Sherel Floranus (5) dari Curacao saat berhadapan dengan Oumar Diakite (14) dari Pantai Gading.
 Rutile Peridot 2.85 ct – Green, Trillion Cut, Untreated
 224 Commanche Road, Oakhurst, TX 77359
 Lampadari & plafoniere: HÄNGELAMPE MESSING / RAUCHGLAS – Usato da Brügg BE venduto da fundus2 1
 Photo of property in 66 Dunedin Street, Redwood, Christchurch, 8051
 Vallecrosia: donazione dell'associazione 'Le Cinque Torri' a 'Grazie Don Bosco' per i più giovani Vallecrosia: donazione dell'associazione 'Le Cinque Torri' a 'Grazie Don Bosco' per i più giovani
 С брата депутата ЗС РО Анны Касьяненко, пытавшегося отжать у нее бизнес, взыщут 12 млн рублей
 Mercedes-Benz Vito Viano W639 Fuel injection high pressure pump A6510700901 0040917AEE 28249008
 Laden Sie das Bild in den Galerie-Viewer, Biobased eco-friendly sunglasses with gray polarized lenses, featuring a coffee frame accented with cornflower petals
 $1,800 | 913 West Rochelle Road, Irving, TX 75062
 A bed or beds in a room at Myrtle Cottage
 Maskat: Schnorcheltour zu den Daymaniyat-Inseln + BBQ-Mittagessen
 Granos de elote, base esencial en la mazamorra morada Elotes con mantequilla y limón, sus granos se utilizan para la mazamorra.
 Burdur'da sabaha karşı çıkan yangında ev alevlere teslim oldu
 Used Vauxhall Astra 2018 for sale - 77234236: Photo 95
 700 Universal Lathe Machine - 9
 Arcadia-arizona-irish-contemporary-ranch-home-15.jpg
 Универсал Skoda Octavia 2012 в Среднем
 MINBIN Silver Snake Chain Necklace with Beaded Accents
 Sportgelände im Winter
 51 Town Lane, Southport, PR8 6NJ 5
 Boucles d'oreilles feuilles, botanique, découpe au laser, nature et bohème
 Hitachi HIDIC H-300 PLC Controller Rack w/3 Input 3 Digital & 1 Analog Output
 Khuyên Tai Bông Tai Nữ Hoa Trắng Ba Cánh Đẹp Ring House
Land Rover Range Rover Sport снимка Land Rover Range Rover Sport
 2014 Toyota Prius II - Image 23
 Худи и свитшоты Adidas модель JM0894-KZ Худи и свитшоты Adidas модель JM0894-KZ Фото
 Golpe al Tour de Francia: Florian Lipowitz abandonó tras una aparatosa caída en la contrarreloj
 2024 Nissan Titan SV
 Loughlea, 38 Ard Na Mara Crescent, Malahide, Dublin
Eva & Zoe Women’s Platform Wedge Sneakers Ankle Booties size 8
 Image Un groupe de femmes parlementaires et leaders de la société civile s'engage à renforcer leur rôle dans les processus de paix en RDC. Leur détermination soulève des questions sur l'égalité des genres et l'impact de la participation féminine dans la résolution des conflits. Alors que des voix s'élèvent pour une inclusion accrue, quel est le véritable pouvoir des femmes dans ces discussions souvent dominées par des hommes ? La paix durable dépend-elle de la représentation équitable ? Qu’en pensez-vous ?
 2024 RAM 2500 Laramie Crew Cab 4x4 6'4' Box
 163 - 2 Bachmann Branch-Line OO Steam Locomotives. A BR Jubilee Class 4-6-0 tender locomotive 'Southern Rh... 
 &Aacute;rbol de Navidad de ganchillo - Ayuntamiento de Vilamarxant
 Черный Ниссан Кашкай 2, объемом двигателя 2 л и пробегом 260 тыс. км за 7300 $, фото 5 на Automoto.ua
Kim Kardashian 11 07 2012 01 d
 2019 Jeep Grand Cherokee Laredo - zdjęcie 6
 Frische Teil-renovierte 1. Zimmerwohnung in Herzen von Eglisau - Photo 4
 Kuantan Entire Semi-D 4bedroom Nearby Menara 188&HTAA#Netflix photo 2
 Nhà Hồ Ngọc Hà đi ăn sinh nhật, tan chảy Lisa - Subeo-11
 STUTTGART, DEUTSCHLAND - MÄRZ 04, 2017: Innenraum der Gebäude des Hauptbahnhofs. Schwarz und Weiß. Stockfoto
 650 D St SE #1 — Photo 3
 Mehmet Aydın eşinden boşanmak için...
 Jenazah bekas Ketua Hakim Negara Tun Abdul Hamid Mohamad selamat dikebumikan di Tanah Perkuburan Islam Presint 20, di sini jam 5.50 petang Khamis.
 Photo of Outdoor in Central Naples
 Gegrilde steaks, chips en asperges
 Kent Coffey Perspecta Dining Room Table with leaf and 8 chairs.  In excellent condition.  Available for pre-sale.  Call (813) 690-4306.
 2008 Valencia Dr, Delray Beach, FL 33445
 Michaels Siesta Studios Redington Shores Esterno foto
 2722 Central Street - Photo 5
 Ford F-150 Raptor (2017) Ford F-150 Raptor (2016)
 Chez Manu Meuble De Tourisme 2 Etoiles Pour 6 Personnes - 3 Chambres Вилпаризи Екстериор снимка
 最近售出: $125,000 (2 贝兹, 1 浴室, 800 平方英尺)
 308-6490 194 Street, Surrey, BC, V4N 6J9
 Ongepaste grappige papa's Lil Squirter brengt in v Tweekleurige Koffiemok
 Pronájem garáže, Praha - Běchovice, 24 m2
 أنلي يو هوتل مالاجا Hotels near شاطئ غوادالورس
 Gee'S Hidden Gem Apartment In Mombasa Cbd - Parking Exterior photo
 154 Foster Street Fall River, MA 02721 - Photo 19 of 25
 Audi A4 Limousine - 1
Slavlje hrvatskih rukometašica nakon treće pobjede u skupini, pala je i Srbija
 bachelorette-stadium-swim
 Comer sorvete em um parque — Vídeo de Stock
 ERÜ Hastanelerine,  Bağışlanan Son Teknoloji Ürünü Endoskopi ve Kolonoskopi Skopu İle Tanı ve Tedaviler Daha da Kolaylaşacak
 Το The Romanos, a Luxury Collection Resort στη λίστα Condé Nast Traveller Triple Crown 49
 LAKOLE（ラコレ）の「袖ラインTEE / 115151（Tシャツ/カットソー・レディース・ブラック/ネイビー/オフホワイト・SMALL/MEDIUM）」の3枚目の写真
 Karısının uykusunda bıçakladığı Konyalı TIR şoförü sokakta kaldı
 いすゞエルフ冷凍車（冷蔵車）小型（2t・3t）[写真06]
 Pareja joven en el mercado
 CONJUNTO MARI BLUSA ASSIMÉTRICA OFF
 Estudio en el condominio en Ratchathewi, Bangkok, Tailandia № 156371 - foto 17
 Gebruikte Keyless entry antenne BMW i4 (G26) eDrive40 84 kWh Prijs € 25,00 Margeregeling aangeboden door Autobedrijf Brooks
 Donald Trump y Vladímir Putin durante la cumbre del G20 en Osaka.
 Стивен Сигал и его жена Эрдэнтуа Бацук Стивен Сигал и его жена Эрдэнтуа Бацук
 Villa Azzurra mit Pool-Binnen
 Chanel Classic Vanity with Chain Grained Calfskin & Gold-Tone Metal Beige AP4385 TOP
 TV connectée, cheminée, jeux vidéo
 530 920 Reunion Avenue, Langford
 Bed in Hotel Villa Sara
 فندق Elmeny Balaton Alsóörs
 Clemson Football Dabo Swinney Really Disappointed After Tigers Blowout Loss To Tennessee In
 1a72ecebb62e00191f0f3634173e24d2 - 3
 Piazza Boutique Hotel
= = = =
Restate the entries above. Match them exactly.

Sherel Floranus (5) dari Curacao saat berhadapan dengan Oumar Diakite (14) dari Pantai Gading.
 Rutile Peridot 2.85 ct – Green, Trillion Cut, Untreated
 224 Commanche Road, Oakhurst, TX 77359
 Lampadari & plafoniere: HÄNGELAMPE MESSING / RAUCHGLAS – Usato da Brügg BE venduto da fundus2 1
 Photo of property in 66 Dunedin Street, Redwood, Christchurch, 8051
 Vallecrosia: donazione dell'associazione 'Le Cinque Torri' a 'Grazie Don Bosco' per i più giovani Vallecrosia: donazione dell'associazione 'Le Cinque Torri' a 'Grazie Don Bosco' per i più giovani
 С брата депутата ЗС РО Анны Касьяненко, пытавшегося отжать у нее бизнес, взыщут 12 млн рублей
 Mercedes-Benz Vito Viano W639 Fuel injection high pressure pump A6510700901 0040917AEE 28249008
 Laden Sie das Bild in den Galerie-Viewer, Biobased eco-friendly sunglasses with gray polarized lenses, featuring a coffee frame accented with cornflower petals
 $1,800 | 913 West Rochelle Road, Irving, TX 75062
 A bed or beds in a room at Myrtle Cottage
 Maskat: Schnorcheltour zu den Daymaniyat-Inseln + BBQ-Mittagessen
 Granos de elote, base esencial en la mazamorra morada Elotes con mantequilla y limón, sus granos se utilizan para la mazamorra.
 Burdur'da sabaha karşı çıkan yangında ev alevlere teslim oldu
 Used Vauxhall Astra 2018 for sale - 77234236: Photo 95
 700 Universal Lathe Machine - 9
 Arcadia-arizona-irish-contemporary-ranch-home-15.jpg
 Универсал Skoda Octavia 2012 в Среднем
 MINBIN Silver Snake Chain Necklace with Beaded Accents
 Sportgelände im Winter
 51 Town Lane, Southport, PR8 6NJ 5
 Boucles d'oreilles feuilles, botanique, découpe au laser, nature et bohème
 Hitachi HIDIC H-300 PLC Controller Rack w/3 Input 3 Digital & 1 Analog Output
 Khuyên Tai Bông Tai Nữ Hoa Trắng Ba Cánh Đẹp Ring House
Land Rover Range Rover Sport снимка Land Rover Range Rover Sport
 2014 Toyota Prius II - Image 23
 Худи и свитшоты Adidas модель JM0894-KZ Худи и свитшоты Adidas модель JM0894-KZ Фото
 Golpe al Tour de Francia: Florian Lipowitz abandonó tras una aparatosa caída en la contrarreloj
 2024 Nissan Titan SV
 Loughlea, 38 Ard Na Mara Crescent, Malahide, Dublin
Eva & Zoe Women’s Platform Wedge Sneakers Ankle Booties size 8
 Image Un groupe de femmes parlementaires et leaders de la société civile s'engage à renforcer leur rôle dans les processus de paix en RDC. Leur détermination soulève des questions sur l'égalité des genres et l'impact de la participation féminine dans la résolution des conflits. Alors que des voix s'élèvent pour une inclusion accrue, quel est le véritable pouvoir des femmes dans ces discussions souvent dominées par des hommes ? La paix durable dépend-elle de la représentation équitable ? Qu’en pensez-vous ?
 2024 RAM 2500 Laramie Crew Cab 4x4 6'4' Box
 163 - 2 Bachmann Branch-Line OO Steam Locomotives. A BR Jubilee Class 4-6-0 tender locomotive 'Southern Rh... 
 &Aacute;rbol de Navidad de ganchillo - Ayuntamiento de Vilamarxant
 Черный Ниссан Кашкай 2, объемом двигателя 2 л и пробегом 260 тыс. км за 7300 $, фото 5 на Automoto.ua
Kim Kardashian 11 07 2012 01 d
 2019 Jeep Grand Cherokee Laredo - zdjęcie 6
 Frische Teil-renovierte 1. Zimmerwohnung in Herzen von Eglisau - Photo 4
 Kuantan Entire Semi-D 4bedroom Nearby Menara 188&HTAA#Netflix photo 2
 Nhà Hồ Ngọc Hà đi ăn sinh nhật, tan chảy Lisa - Subeo-11
 STUTTGART, DEUTSCHLAND - MÄRZ 04, 2017: Innenraum der Gebäude des Hauptbahnhofs. Schwarz und Weiß. Stockfoto
 650 D St SE #1 — Photo 3
 Mehmet Aydın eşinden boşanmak için...
 Jenazah bekas Ketua Hakim Negara Tun Abdul Hamid Mohamad selamat dikebumikan di Tanah Perkuburan Islam Presint 20, di sini jam 5.50 petang Khamis.
 Photo of Outdoor in Central Naples
 Gegrilde steaks, chips en asperges
 Kent Coffey Perspecta Dining Room Table with leaf and 8 chairs.  In excellent condition.  Available for pre-sale.  Call (813) 690-4306.
 2008 Valencia Dr, Delray Beach, FL 33445
 Michaels Siesta Studios Redington Shores Esterno foto
 2722 Central Street - Photo 5
 Ford F-150 Raptor (2017) Ford F-150 Raptor (2016)
 Chez Manu Meuble De Tourisme 2 Etoiles Pour 6 Personnes - 3 Chambres Вилпаризи Екстериор снимка
 最近售出: $125,000 (2 贝兹, 1 浴室, 800 平方英尺)
 308-6490 194 Street, Surrey, BC, V4N 6J9
 Ongepaste grappige papa's Lil Squirter brengt in v Tweekleurige Koffiemok
 Pronájem garáže, Praha - Běchovice, 24 m2
 أنلي يو هوتل مالاجا Hotels near شاطئ غوادالورس
 Gee'S Hidden Gem Apartment In Mombasa Cbd - Parking Exterior photo
 154 Foster Street Fall River, MA 02721 - Photo 19 of 25
 Audi A4 Limousine - 1
Slavlje hrvatskih rukometašica nakon treće pobjede u skupini, pala je i Srbija
 bachelorette-stadium-swim
 Comer sorvete em um parque — Vídeo de Stock
 ERÜ Hastanelerine,  Bağışlanan Son Teknoloji Ürünü Endoskopi ve Kolonoskopi Skopu İle Tanı ve Tedaviler Daha da Kolaylaşacak
 Το The Romanos, a Luxury Collection Resort στη λίστα Condé Nast Traveller Triple Crown 49
 LAKOLE（ラコレ）の「袖ラインTEE / 115151（Tシャツ/カットソー・レディース・ブラック/ネイビー/オフホワイト・SMALL/MEDIUM）」の3枚目の写真
 Karısının uykusunda bıçakladığı Konyalı TIR şoförü sokakta kaldı
 いすゞエルフ冷凍車（冷蔵車）小型（2t・3t）[写真06]
 Pareja joven en el mercado
 CONJUNTO MARI BLUSA ASSIMÉTRICA OFF
 Estudio en el condominio en Ratchathewi, Bangkok, Tailandia № 156371 - foto 17
 Gebruikte Keyless entry antenne BMW i4 (G26) eDrive40 84 kWh Prijs € 25,00 Margeregeling aangeboden door Autobedrijf Brooks
 Donald Trump y Vladímir Putin durante la cumbre del G20 en Osaka.
 Стивен Сигал и его жена Эрдэнтуа Бацук Стивен Сигал и его жена Эрдэнтуа Бацук
 Villa Azzurra mit Pool-Binnen
 Chanel Classic Vanity with Chain Grained Calfskin & Gold-Tone Metal Beige AP4385 TOP
 TV connectée, cheminée, jeux vidéo
 530 920 Reunion Avenue, Langford
 Bed in Hotel Villa Sara
 فندق Elmeny Balaton Alsóörs
 Clemson Football Dabo Swinney Really Disappointed After Tigers Blowout Loss To Tennessee In
 1a72ecebb62e00191f0f3634173e24d2 - 3
 Piazza Boutique Hotel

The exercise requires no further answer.